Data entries
▽
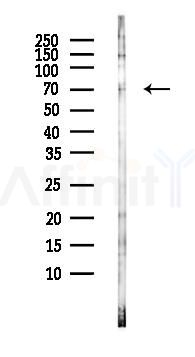 GRHL2 Antibody - Western blot analysis of lysates from HepG2 cells(LPS, 4h treatment), using GRHL2 Antibody at 1/1000 dilution.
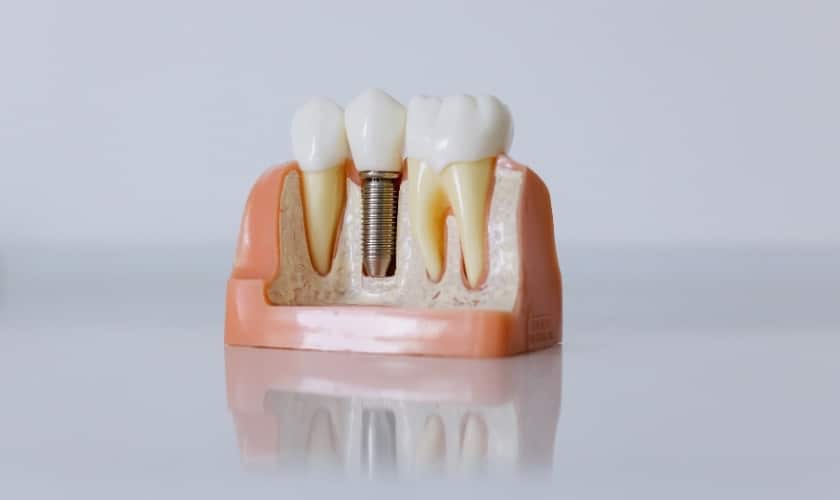 the essential dos and don’ts for caring for your dental implants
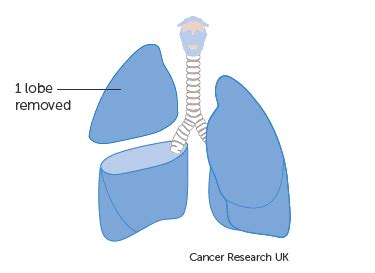 Surgery for Lung Cancer - Risks, Recovery, Survival rate - Sutured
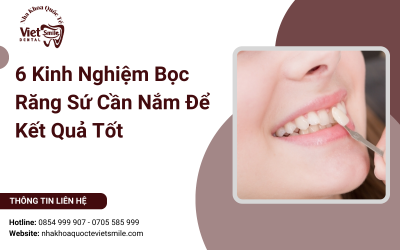 6 Kinh Nghiệm Bọc Răng Sứ Cần Nắm Để Kết Quả Tốt 6 Kinh Nghiệm Bọc Răng Sứ Cần Nắm Để Kết Quả Tốt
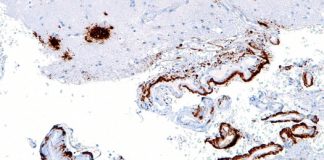 Ultrasound shown to be a possible cure for Alzheimer’s disease Ultrasound shown to be a possible cure for Alzheimer’s disease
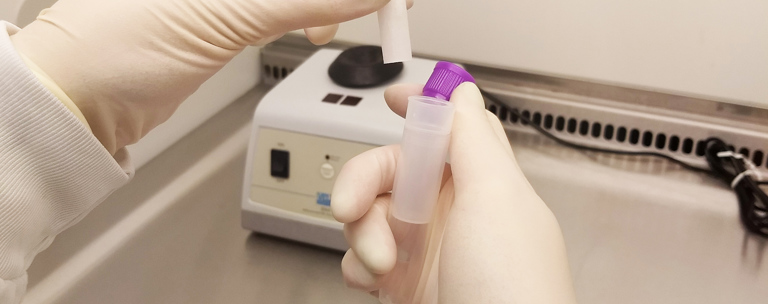 Saliva Collection Device ESR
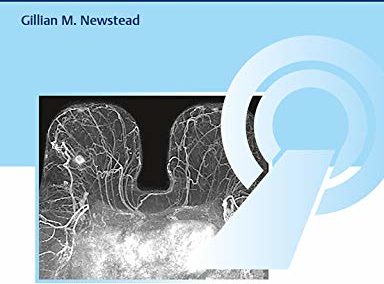 Breast MRI Interpretation: Text and Case Analysis for Screening and Diagnosis 1st Edition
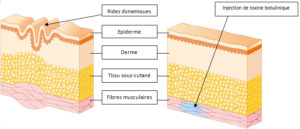 Injection Toxine Botulique à Paris - Traitement anti rides - Médecine Esthétique Paris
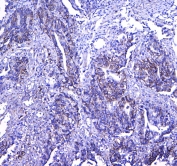 IHC testing of FFPE human rectal cancer tissue with CD41 antibody at 1ug/ml. Required HIER: steam section in pH6 citrate buffer for 20 min and allow to cool prior to testing.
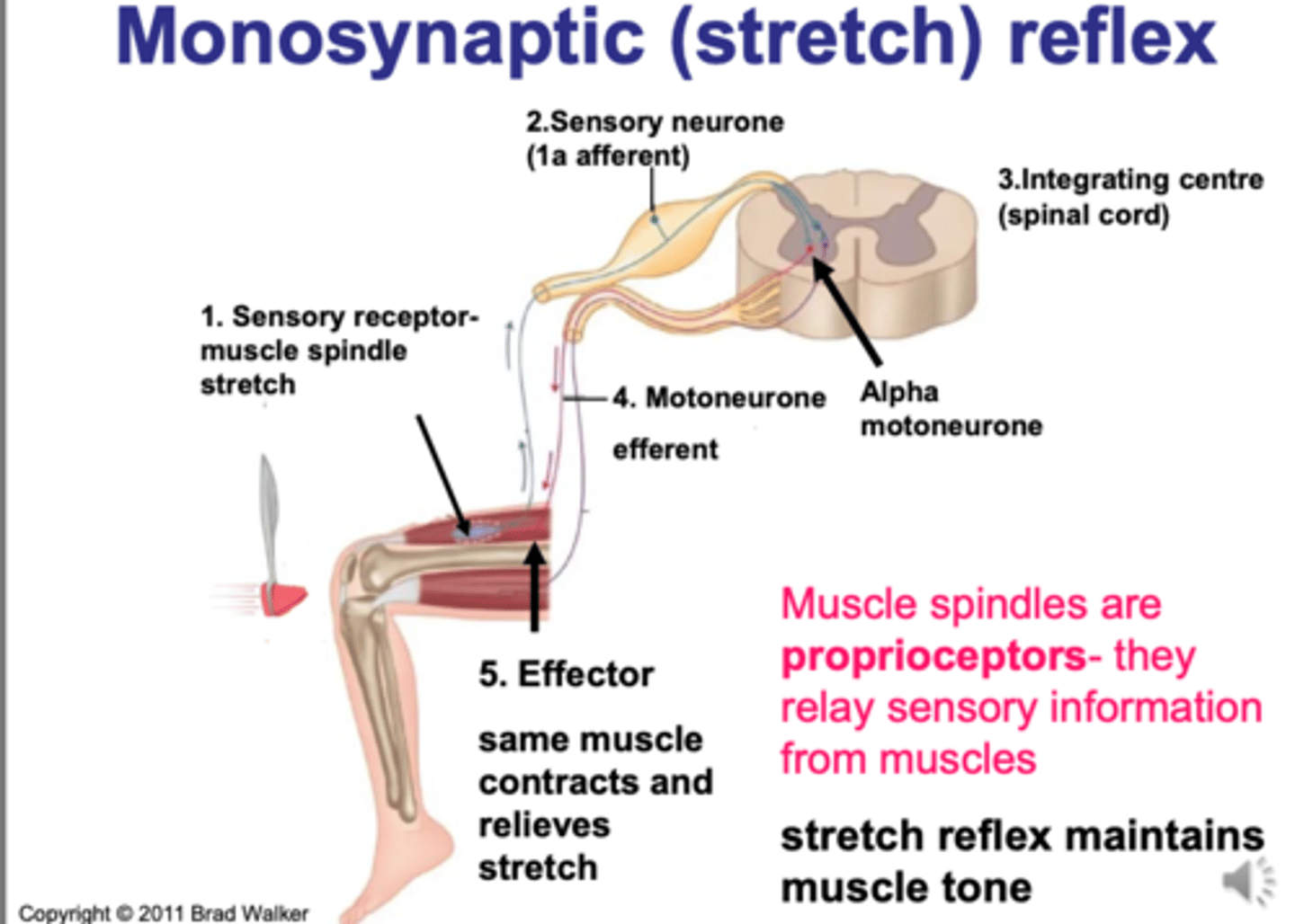 <p>1. stimulus (ex. mallet hitting knee)</p><p>2. Quick stretch of tendon activates muscle spindle</p><p>3. Afferents send signal to spinal cord</p><p>4..Synapse with alpha motor neurons, triggering efferents to muscle</p><p>5. Muscle contracts</p>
△
■ **TASK REQUIREMENTS**
Restate each line above exactly, keeping pictures out.

■ **EXERCISE SOLUTION**
 GRHL2 Antibody - Western blot analysis of lysates from HepG2 cells(LPS, 4h treatment), using GRHL2 Antibody at 1/1000 dilution.
 the essential dos and don’ts for caring for your dental implants
 Surgery for Lung Cancer - Risks, Recovery, Survival rate - Sutured
 6 Kinh Nghiệm Bọc Răng Sứ Cần Nắm Để Kết Quả Tốt 6 Kinh Nghiệm Bọc Răng Sứ Cần Nắm Để Kết Quả Tốt
 Ultrasound shown to be a possible cure for Alzheimer’s disease Ultrasound shown to be a possible cure for Alzheimer’s disease
 Saliva Collection Device ESR
 Breast MRI Interpretation: Text and Case Analysis for Screening and Diagnosis 1st Edition
 Injection Toxine Botulique à Paris - Traitement anti rides - Médecine Esthétique Paris
 IHC testing of FFPE human rectal cancer tissue with CD41 antibody at 1ug/ml. Required HIER: steam section in pH6 citrate buffer for 20 min and allow to cool prior to testing.
 <p>1. stimulus (ex. mallet hitting knee)</p><p>2. Quick stretch of tendon activates muscle spindle</p><p>3. Afferents send signal to spinal cord</p><p>4..Synapse with alpha motor neurons, triggering efferents to muscle</p><p>5. Muscle contracts</p>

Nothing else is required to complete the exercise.